@Scott
Right, that's what I meant in the first paragraph. In this case I believe you could have a separate Q2A site that would only handle the registrations so all sites would redirect the registration to that site and it should send back the user to the calling site. I'm not sure it is possible to do so without programming a bit (or making some DNS changes) because, at least, you'll have to block all access to the "user registration site" except for the registration and login sections.
@ProThoughts
I think my answer was considerably misunderstood :)
Based on your comment, it is not clear for you that different sites for different topics requires different posts tables so it is not possible to have one single Q2A instance.
This "Idea is to setup different subdomains which will be targeted for diff topics" somehow contradicts "if there are two sites then they may share QA on both". One Q2A instance means all questions will be shared among all sub-domains and you won't really have different sites (but rather categories at most). Many Q2A instances means each sub-domain will have their own set of questions and won't be accessed by other Q2A instances.
"I liked the option1" => There are no options.
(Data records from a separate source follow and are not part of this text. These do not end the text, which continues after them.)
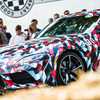 Production-Spec 2020 Toyota Supra Front End Leaked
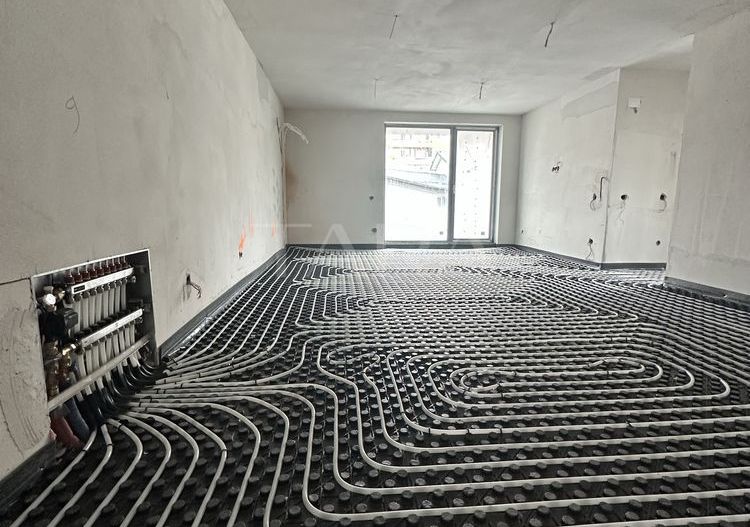 Apartament 2 camere, Marăști – Semifinisat - Poză 1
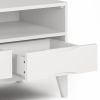 Harper - TV Media Stand - White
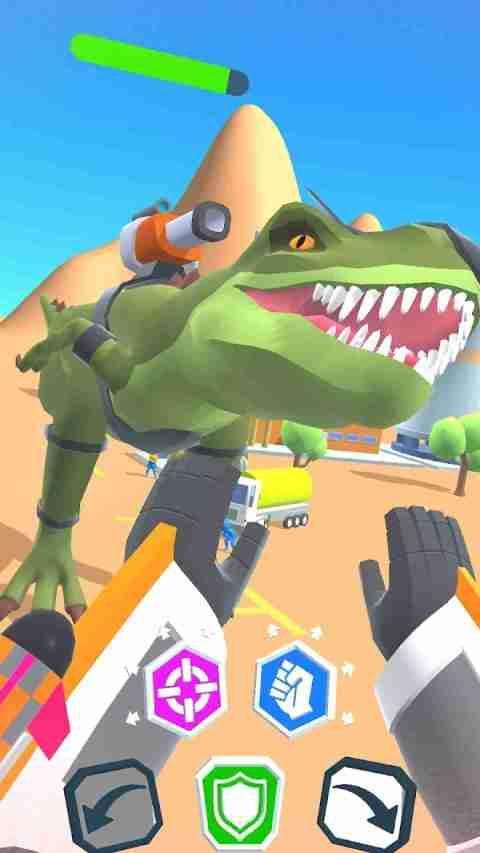 一败涂地野兽战斗 screenshot image 2_Popularmodapk.com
There are just very different scenarios (including the awkward external users scenario):
if you want separate questions per site then
use many different Q2A instances
if you want separate users per site then
use different users table
else (users are shared among sites)
if you want a third party to handle your users then
if you want Q2A to be that third party itself then
use single sign on (external users feature) setting up a Q2A instance only used for registration (awkward scenario)
else
use single sign on with whatever your third party user provider is (e.g.: WordPress)
else (users are handled by Q2A)
share the same users table (this is a simple approach!)
else
use one Q2A instance and use categories
I'm going to claim a patent for that algorithm.
"I liked the option1 to have single db for user from main domain" => If by option one you mean having separate questions, sharing users among the different Q2A instances handled by Q2A itself then there is also no such a thing as a "main domain". You just have the sites. You could have a webpage as the domain root or a www. or whatever but that won't have anything to do with Q2A as you'll have Q2A instances per sub-domain.
"if user click on favorite questions on diff subdomain, hope it will populate diff sites his favorite questions in his account" => No, it won't there are different posts tables per instance. Each instance access there own post table. Favoriting a post requires knowing that post. An instance does not know the posts of another instance so each favorited question won't be visible among different sites.
"What if cloud db is setup" => Then the cloud DB will get locked more frequently :)
"what is the user count when I should start worrying about this?" => Will depend on your server (CPU, memory, bandwidth) and the usage you're expecting from the site. I definitely wouldn't worry about this unless you're planning to have a million views per hour. Although this is very subjective and depends on so many factors that you should give it a try and share your experience with the rest (note how very few people complain about performance and the ones that do are most likely in free/cheap hosting plans).
"if SSO is possible with Q2A then could you please provide solution here." => It's on the site:
http://docs.question2answer.org/install/single-sign-on/
"Does it mean only users table will be accessed from diff server with no other tables in that db?" Yes and no. The most standard way of SSO would be to have a third party (different than Q2A) to handle the users. However, you could use Q2A as the third party itself, as I explained before.